Anonymization Techniques

This section provides an overview of the available anonymization and pseudonymization techniques supported by the platform. For each technique, you’ll find a brief description along with the key parameters that control its behavior.

Data nulling

Data nulling replaces all values, including missing ones, with a constant value.

Constant Value: The fixed value that will replace the original data, with default to Null

Character masking

Character masking hides part of the data by replacing characters with a symbol (such as *).

Mask Length: The number of characters to replace
Symbol: The character used for masking (e.g. *)
Starting Direction: Indicates whether masking starts from the left or right

Mocking

Mocking generates realistic fake data for different data types like names, emails, and addresses. Missing values are also replaced during this process.

Generator Type: The type of mock data to generate (e.g., name, email)
Seed: Optional value (number or string) to initialize the generator for consistent results

Key Hashing

Key hashing replaces data with a hashed value using HMAC and a cryptographic key. The result is encoded in Base64. By default, the SHA-256 algorithm is used.

Key: Cryptographic key used for hashing
Salt: Optional value added to the data before hashing for extra randomness
Algorithm: The hashing algorithm to use (e.g. sha256, sha512, md5)

Swapping

Swapping shuffles data values across rows to break direct associations while keeping values in the dataset. The process is controlled by a probability parameter.

Alpha: Determines how likely a value is to be swapped; must be between 0 and 1
Seed: Optional number to initialize the generator for consistent results

Binning

Binning groups numerical values into a set number of ranges (bins). This generalizes the data by replacing exact values with their bin range.
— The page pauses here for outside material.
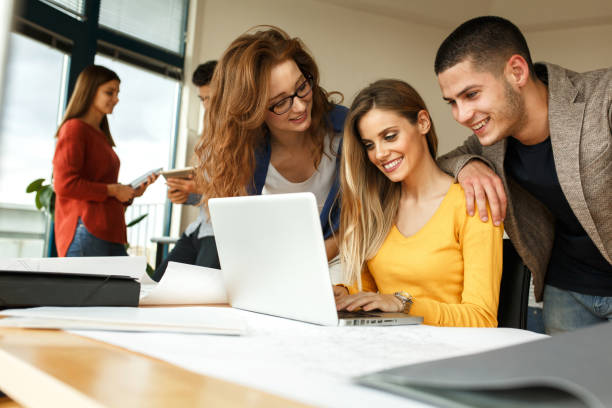 istock Businesswoman and her fellow workers  working on new project 667059010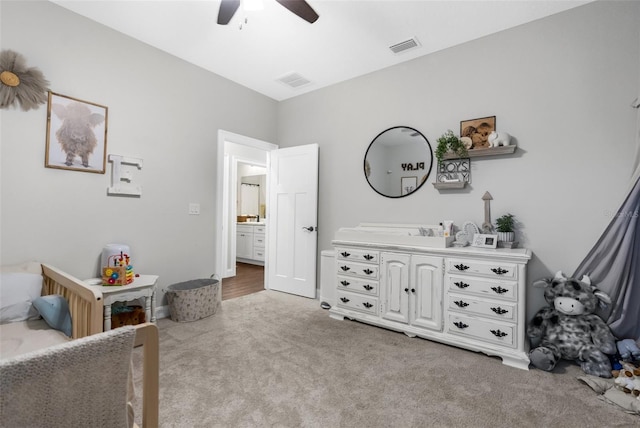 bedroom featuring light carpet, visible vents, and a ceiling fan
Bin: Number of bins (or groups) to create

Top/Bottom coding

Replaces values that fall outside specified thresholds with capped values. For numerical columns:

Top-coding limits values above the upper (1 - Q/2) quantile.
Bottom-coding limits values below the lower (Q/2) quantile.

For categorical data, rare categories (those making up Q or less of the data) are replaced with a new, common label.

Q (Quantile): A value between 0 and 1 that controls the extent of top/bottom coding
New Category (categorical only): The label used to replace rare categories

Perturbation

Perturbation consists of modifying each value based on the specified perturbation intensity alpha and replacement strategy. It supports two modes of replacement: uniform sampling and distribution-preserving sampling.

Alpha: the perturbation intensity, from 0 (no change) to 1 (maximum change)
Sampling Mode: the strategy used to sample replacement values:
- uniform: Random values within a range
- weighted: Values are sampled to match the original data distribution
Seed: Optional number to initialize the generator for consistent results
Perturbation Range (numerical only): Specifies the range for uniform sampling; if not provided, the system uses the data’s min and max.